Immigration to the US may result in increased smoking in Latino and Asian women, according to new research from Rice University, Duke University, and the University of Southern California.

The research focuses on how gender differences in smoking behavior are shaped by aspects of acculturation and the original decision to migrate. The study was published recently in the journal Social Science & Medicine and is available online.

The study found that smoking prevalence among Asian immigrant men was more than four times that of Asian immigrant women (30.4% and 7.1%, respectively); among Latino immigrants, men’s smoking prevalence was more than twice that of women’s (29.5% and 12.6%, respectively).

For smoking frequency, Asian men on average smoked 2.5 more cigarettes per day than Asian women, compared with 1.5 more cigarettes per day that Latino men smoked than Latino women.
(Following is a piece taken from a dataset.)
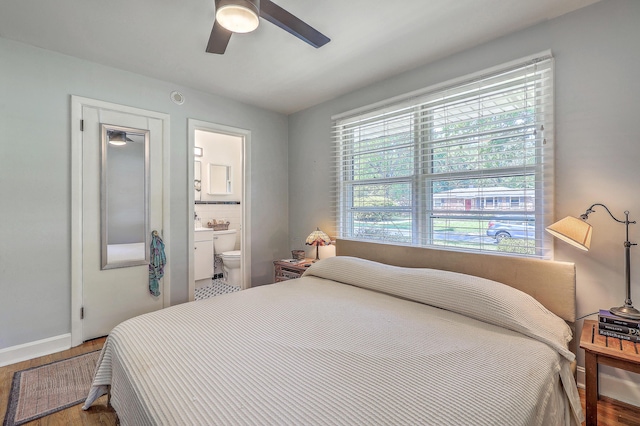 bedroom featuring baseboards, a ceiling fan, connected bathroom, and wood finished floors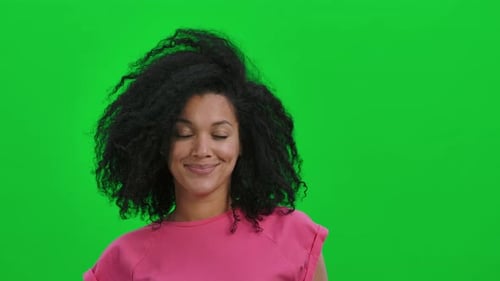 Smiling Woman with Curly Hair on Green Screen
In addition, their analyses also showed that smoking increases with duration of US residence among Asian immigrants (both prevalence and frequency) and among Latino immigrants (frequency only).

However, the study also found that independent of time spent in the US, “immigrants who form strong connections to the US through English-language proficiency and citizenship acquisition benefit in terms of reduced smoking,” according to Bridget Gorman, chair and professor of sociology at Rice and the study’s lead author.
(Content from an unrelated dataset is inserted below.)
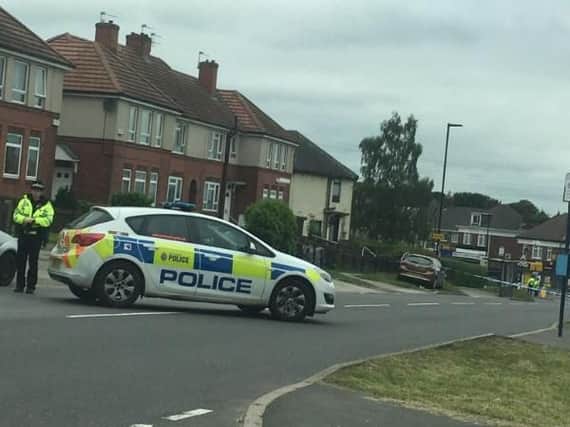 Police officers remain in Woodthorpe this morning after a shooting (Pic: Lauren Hague)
Gorman said this may be because the stresses associated with adapting to the US have declined; but since both English-language proficiency and citizenship are associated with higher socio-economic standing, this might also indicate that smoking is lower among the most economically well-off migrants.

“We know that after migrants come to the US, their health behavior and health status changes the longer they live in the United States,” Gorman said. “Our study examined how time spent in the U.S., along with other aspects reflective of acculturation to the US, relates to smoking behavior among Asian and Latino migrants.”
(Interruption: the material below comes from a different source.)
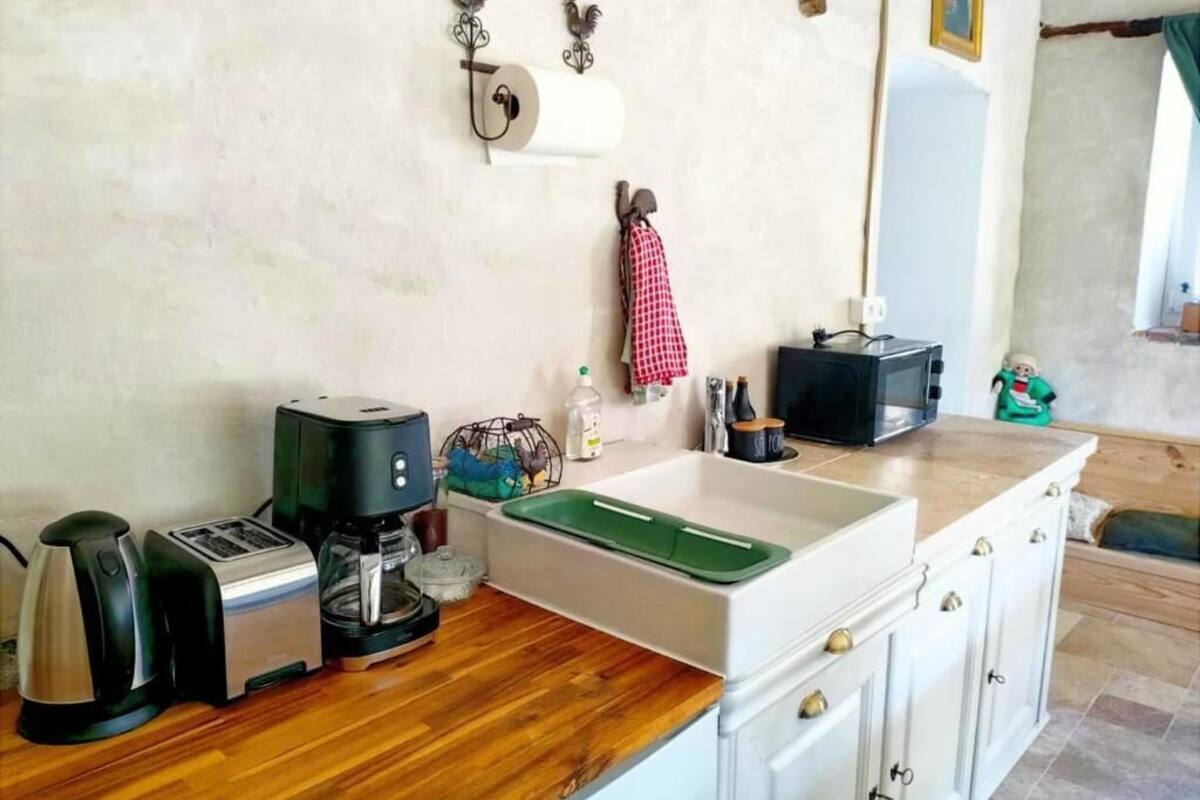 Réfrigérateur dans l'espace commun, micro-ondes dans l'espace commun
Gorman also noted that although there “tends to be an uptick in unhealthy behaviors like smoking after migration, patterns differ across ethnic groups and between men and women. In particular, women’s smoking behavior tends to increase more after migration to the U.S. than men.”

Gorman said the uptick in smoking among women may be due to differences in smoking stigma that exist for women in Latin America and especially Asia. She said that the smoking stigma for women is significantly less in the US, so when gender differences in smoking between the native and foreign-born are compared, gender gaps tend to be much larger among migrant populations living in the US.